Blessing, Fay thought later, is what she would like from Onion. From Onion, of all people. Her family will always embrace her choices, and her friends will credit her with good sense, even when she hasn’t earned it. But Onion – out of a different kind of love, a love made of sinew and resolve – will guard her against true harm; Fay’s always known that.
Tell me it’s all right,
she wants to say to Onion.

It’s not approval she wants; the wish for approval strikes her as inappropriate. She wants only Onion’s blessing.

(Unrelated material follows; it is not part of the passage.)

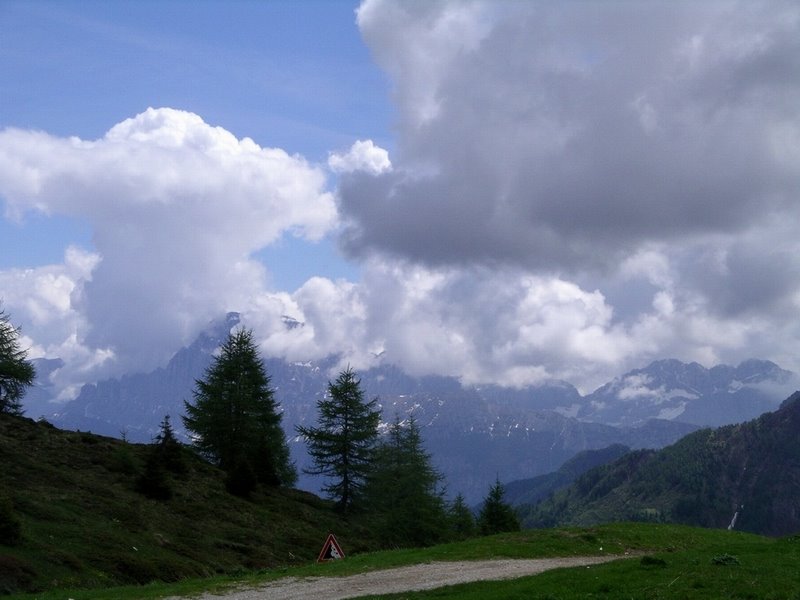 Blick vom Passo Valles Richtung Falcade by Helmut Garnjost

She’s tried to broach the subject from a number of different directions. She’s been bold about it, stopping herself just short of a direct plea for – for what? For consent? For permission? For recognition, at the very least. A word or two.

Never mind about Onion, her father told her. Onion has her own concerns these days.

That much was true. Onion spends almost all her time at Strom’s bedside. She sits erect in the slippery vinyl visitor’s chair, a book open on her lap, reading or not reading, or helping with
Strom’s medication, with his meals. She adjusts his earphones so that his favorite recorded music flows through to him hour after hour. She watches his face for a flicker of an eyelid, for any minute sign of recognition. Often she spends the night with him, too, settling herself stiffly on a portable bed next to his.